◆ Exercise description:
Return every line of the data below that includes the string "Picture".

◆ Provided information:
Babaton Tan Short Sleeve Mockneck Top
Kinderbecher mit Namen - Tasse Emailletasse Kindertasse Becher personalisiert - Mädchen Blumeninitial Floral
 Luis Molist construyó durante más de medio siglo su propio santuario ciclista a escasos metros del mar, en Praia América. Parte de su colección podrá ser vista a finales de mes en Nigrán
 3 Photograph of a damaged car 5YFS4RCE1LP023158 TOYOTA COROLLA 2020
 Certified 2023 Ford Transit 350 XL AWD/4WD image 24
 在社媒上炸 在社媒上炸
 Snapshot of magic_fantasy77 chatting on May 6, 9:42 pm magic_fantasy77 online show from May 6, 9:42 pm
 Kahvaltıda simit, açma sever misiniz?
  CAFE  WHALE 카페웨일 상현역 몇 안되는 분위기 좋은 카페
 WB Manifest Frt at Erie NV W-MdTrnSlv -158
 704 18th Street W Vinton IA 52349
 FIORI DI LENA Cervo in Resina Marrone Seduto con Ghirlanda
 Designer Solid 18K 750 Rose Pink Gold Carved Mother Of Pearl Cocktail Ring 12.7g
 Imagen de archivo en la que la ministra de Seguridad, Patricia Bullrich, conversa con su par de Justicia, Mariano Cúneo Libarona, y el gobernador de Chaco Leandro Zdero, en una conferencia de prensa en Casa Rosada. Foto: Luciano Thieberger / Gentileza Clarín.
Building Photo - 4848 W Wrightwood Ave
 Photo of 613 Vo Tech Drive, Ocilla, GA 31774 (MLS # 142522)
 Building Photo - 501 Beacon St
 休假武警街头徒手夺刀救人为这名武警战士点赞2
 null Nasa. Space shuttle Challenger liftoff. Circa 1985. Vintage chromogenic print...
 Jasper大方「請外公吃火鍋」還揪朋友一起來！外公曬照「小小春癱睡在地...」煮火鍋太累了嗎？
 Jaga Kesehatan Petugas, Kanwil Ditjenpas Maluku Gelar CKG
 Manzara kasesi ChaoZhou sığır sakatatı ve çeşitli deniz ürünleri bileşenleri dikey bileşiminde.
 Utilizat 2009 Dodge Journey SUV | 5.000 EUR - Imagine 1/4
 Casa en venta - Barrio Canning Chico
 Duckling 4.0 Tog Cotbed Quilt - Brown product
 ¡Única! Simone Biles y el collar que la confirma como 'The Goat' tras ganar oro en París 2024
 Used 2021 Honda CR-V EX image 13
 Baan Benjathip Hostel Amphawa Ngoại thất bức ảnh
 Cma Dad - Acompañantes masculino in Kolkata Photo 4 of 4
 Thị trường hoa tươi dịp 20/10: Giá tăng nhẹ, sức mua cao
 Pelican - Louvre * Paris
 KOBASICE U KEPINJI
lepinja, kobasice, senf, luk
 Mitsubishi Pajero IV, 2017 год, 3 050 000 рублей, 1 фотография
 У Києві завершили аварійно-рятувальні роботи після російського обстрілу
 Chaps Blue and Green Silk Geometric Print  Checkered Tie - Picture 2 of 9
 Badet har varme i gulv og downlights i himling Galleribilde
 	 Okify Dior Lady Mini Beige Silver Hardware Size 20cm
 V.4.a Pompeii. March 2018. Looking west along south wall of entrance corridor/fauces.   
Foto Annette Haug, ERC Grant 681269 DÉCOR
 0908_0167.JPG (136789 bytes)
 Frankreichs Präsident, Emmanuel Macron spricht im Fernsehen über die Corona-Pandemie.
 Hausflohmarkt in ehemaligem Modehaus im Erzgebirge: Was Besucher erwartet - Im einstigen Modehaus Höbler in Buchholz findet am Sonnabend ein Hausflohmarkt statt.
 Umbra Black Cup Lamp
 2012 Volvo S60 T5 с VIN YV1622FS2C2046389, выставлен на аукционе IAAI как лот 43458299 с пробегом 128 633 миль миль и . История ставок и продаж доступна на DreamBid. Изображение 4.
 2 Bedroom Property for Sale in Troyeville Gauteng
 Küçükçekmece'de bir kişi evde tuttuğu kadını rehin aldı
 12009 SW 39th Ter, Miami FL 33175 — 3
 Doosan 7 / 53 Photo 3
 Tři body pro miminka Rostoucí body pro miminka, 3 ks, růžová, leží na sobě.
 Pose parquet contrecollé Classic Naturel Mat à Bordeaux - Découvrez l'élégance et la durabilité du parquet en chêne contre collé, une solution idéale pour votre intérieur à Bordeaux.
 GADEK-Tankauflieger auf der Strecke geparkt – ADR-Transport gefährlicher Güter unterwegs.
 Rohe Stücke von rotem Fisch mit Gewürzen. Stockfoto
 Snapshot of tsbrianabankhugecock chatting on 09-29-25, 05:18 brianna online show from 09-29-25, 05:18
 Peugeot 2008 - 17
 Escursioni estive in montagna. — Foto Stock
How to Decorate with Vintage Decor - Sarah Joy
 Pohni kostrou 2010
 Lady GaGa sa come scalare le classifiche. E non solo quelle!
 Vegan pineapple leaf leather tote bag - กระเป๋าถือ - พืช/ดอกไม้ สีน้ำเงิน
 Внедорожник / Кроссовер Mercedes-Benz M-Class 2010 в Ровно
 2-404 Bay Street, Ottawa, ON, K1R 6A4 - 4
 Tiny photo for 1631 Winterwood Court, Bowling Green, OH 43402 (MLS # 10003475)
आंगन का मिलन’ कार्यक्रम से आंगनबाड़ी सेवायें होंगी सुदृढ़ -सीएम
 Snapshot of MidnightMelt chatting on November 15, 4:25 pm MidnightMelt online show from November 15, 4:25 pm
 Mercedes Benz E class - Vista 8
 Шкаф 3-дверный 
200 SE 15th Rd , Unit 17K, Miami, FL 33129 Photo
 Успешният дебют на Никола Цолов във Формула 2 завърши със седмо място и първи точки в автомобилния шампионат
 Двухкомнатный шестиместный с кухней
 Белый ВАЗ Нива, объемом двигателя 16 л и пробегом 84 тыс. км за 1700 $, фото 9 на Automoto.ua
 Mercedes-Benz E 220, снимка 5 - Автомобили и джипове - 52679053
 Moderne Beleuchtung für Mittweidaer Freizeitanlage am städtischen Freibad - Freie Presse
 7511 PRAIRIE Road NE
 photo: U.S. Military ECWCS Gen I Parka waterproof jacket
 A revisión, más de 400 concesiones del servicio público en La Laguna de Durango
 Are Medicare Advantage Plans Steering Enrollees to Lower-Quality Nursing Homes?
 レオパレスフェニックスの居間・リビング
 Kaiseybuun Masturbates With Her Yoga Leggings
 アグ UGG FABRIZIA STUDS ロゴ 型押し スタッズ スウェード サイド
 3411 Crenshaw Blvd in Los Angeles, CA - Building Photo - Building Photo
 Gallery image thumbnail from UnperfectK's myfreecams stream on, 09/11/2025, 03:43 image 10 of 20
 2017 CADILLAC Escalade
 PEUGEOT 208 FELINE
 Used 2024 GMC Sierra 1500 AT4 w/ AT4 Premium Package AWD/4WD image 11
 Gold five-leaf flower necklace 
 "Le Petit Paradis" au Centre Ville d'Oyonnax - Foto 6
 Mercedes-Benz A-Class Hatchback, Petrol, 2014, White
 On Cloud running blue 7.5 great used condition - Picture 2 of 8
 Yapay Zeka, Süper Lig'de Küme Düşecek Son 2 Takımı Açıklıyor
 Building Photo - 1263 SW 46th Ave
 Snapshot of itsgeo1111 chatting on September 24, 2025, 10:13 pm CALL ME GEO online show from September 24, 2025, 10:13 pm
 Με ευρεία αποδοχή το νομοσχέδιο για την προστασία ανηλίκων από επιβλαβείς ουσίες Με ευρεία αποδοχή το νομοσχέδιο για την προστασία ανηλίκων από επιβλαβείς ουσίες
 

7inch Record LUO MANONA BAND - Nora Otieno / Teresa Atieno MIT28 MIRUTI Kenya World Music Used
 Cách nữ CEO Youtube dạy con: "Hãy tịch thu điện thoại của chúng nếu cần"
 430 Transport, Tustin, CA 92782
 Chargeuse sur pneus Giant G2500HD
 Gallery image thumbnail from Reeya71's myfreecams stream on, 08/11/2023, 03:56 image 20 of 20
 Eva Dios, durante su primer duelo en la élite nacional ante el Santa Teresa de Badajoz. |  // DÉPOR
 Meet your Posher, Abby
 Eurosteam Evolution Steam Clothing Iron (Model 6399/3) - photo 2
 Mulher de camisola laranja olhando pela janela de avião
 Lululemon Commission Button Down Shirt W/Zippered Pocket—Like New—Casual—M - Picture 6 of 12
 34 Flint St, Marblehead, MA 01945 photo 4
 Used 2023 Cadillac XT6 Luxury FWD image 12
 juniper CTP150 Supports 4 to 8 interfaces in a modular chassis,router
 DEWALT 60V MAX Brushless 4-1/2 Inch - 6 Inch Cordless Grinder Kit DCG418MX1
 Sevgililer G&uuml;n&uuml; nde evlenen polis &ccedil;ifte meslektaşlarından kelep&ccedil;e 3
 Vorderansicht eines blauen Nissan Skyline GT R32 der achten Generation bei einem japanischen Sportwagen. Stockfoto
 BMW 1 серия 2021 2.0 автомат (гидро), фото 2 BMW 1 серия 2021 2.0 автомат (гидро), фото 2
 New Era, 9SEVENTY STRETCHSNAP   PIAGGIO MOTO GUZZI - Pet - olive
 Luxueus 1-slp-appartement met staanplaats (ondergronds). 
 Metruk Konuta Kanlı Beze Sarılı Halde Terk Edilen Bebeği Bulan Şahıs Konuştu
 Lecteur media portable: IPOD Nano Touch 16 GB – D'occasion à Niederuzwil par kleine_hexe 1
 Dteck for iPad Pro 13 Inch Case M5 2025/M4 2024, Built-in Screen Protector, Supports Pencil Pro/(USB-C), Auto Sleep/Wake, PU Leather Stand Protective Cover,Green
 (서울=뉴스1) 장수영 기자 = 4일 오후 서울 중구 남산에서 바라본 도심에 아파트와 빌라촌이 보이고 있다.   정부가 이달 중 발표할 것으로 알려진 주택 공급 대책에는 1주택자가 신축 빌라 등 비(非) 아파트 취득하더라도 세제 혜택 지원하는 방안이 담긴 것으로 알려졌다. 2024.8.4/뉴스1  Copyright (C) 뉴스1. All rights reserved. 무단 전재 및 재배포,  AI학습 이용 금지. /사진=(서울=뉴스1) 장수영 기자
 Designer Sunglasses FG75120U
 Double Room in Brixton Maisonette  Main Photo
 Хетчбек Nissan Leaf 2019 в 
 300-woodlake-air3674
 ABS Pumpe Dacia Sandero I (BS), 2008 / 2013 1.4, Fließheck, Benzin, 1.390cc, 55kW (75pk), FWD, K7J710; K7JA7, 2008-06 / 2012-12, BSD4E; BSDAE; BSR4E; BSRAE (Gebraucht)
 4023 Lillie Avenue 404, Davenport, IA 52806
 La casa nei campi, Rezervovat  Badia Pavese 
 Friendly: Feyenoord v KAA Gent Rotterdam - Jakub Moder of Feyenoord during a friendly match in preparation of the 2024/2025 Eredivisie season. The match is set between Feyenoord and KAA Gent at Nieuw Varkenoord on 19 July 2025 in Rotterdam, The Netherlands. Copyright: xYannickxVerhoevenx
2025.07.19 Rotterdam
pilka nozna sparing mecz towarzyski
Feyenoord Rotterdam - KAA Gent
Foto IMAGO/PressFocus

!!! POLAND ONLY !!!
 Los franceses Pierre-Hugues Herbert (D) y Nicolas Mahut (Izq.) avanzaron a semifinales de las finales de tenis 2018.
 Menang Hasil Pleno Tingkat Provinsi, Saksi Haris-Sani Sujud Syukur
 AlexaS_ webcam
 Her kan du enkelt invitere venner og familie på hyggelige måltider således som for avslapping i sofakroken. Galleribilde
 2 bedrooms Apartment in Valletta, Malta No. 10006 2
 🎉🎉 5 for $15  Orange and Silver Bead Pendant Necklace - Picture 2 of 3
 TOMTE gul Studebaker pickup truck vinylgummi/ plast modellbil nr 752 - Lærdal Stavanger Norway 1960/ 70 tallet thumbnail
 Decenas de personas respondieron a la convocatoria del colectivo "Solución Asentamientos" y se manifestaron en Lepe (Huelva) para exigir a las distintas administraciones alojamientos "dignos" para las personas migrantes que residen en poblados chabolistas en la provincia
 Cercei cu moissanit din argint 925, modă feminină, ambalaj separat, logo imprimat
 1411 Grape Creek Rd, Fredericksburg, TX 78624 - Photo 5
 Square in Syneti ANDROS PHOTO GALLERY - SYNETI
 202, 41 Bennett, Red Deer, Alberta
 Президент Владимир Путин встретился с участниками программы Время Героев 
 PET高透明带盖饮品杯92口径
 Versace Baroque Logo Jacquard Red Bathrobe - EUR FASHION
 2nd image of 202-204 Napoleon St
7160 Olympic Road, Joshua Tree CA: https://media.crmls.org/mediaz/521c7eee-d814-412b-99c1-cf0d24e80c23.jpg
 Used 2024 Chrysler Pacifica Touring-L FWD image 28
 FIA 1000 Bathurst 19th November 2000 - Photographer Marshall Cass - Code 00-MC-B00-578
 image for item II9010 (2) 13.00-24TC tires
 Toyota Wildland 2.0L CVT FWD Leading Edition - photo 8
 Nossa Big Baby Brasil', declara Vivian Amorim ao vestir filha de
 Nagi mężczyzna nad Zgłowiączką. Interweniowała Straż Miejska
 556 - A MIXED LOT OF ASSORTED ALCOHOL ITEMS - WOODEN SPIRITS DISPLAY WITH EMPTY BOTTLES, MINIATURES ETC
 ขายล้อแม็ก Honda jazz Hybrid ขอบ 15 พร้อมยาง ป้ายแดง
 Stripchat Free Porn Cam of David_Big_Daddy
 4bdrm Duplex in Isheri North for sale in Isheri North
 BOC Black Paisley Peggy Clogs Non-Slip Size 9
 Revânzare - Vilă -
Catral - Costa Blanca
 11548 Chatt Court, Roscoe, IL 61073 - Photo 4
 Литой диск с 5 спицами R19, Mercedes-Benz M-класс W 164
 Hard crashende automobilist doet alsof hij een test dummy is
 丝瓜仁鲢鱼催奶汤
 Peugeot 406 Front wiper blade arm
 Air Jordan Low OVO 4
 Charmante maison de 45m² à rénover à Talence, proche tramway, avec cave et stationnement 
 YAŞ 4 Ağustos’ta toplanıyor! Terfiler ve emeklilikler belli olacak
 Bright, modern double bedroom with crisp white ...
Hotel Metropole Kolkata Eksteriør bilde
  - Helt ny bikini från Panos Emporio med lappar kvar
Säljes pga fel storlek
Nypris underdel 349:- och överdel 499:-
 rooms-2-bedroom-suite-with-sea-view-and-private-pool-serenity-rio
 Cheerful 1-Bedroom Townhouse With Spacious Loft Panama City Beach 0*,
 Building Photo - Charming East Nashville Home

◆ Solution:
 Chaps Blue and Green Silk Geometric Print  Checkered Tie - Picture 2 of 9
 On Cloud running blue 7.5 great used condition - Picture 2 of 8
 Lululemon Commission Button Down Shirt W/Zippered Pocket—Like New—Casual—M - Picture 6 of 12
 🎉🎉 5 for $15  Orange and Silver Bead Pendant Necklace - Picture 2 of 3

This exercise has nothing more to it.